Jesus gave his disciples authority “to trample on snakes and scorpions, and to overcome all the power of the enemy” (Luke 10:19). God also encouraged his prophet: “You, son of man… do not be afraid, though briers and thorns are all around you and you live among scorpions. Do not be afraid of what they say or [be] terrified by them” (Ezekiel 2:6). Sometimes we have figurative snakes and scorpions in our lives, or even alligators who snap at our feet while we try to carry out the Lord’s work.
At the end of verse 13, notice the gift the Father gives: It is the Holy Spirit! What better gift could we be given?
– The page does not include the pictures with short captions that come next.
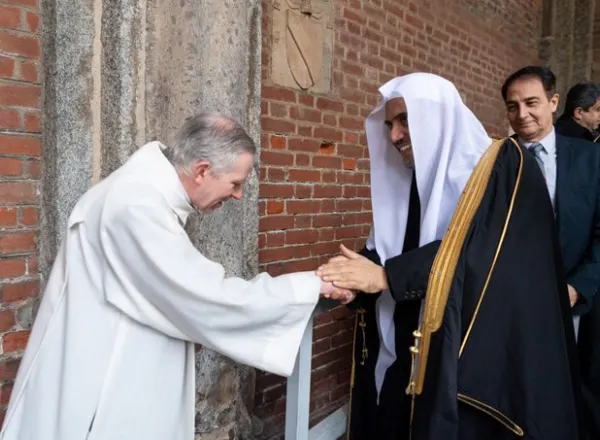 HE Dr. Mohammad Alissa  led delegations to both Poland and Italy, participating in historic efforts to develop and strengthen interfaith relationships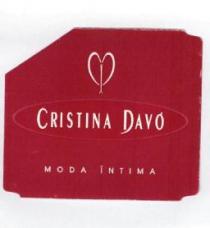CRISTINA DAVO MODA INTIMA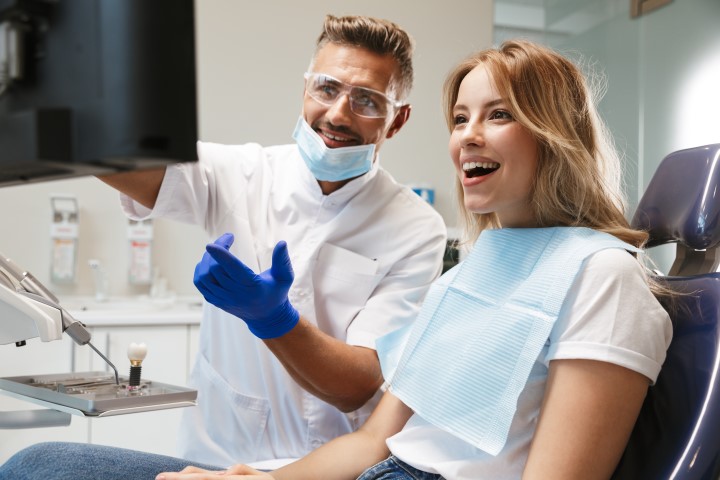 It’s Easy to Keep Your Teeth and Gums in Good Shape as You Get Older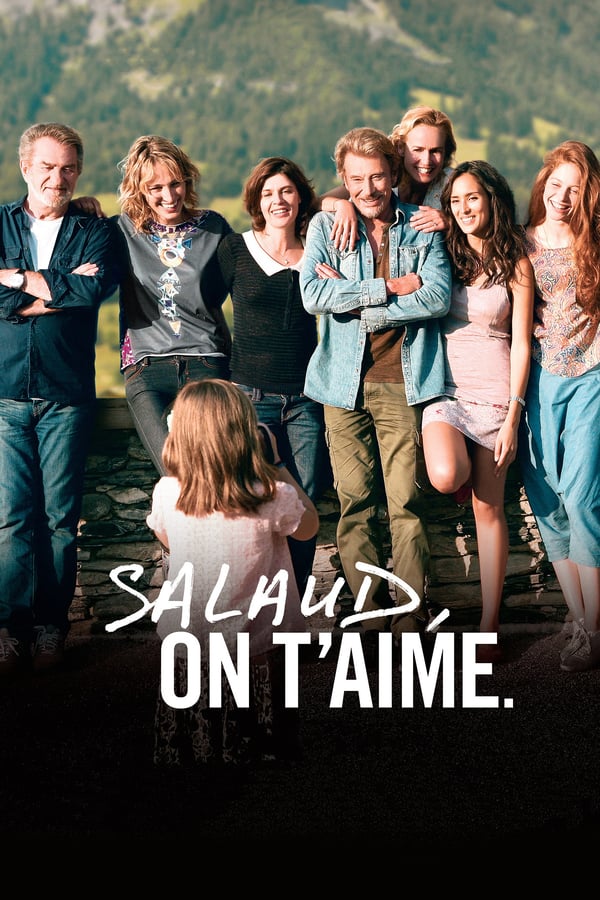 Cover of the movie Salaud, on t'aime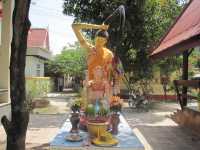 Wat Bang Phra วัดบางพระ (หลวงพ่อเปิ่น)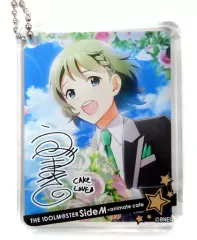 【中古】キーホルダー・マスコット(キャラクター) 卯月巻緒 「アイドルマスター SideM×animatecafe CoLotta(トレーディングアクリルプレートキーホルダー) Aグループ」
I ask God for guidance, and he doesn’t give me a scrap of paper or a sketch of a map. He gives me the Guide, the Counselor, the Paraclete: The Holy Ghost. The Spirit of God comes to me through my baptism and he lives within my flesh, the Spirit in my body. This is a gift that is unparalleled; that transcends even the parables of Jesus. How could we hope to chronicle the benefits of having God dwell within us? This is how we are able to look at unclean things—snakes and scorpions, greed and doubt, drugs, fame, murder, whores, theft, power, pride, glory, idolatry, blasphemy, and even sarcasm, and turn away in disgust when others wallow in them as if nothing else matters. Only through the mercy of the indwelling Holy Spirit can we see them for that they are, cursed, defiled, and defiling things, and look to the Father instead. When we stumble, we have Christ. When we don’t, we thank the Spirit. We are led by them, taking us by both hands, to the throne of our good and gracious Father.
Our heavenly Father is not the source of sin, nor is he the giver of unclean gifts. He knows what we need, and even what we desire. He wants us to pray with the confidence that he will not be fickle, like the pagans imagine their gods to be. He will give what is good. So pray big! Pray bold! Your heavenly Father loves you, and what he gives is good.
Note: 11:11 A few witnesses including Papyrus 45 omit the “bread” and “stone” portion: “Fathers, if your son asks for a fish, would you give him a snake instead?” Papyrus 45 (c. 250 AD, Egyptian) is known for its brevity. The copyist wielded, as E.C. Colwell said, “a sharp axe,” and whole phrases are sometimes omitted from the text.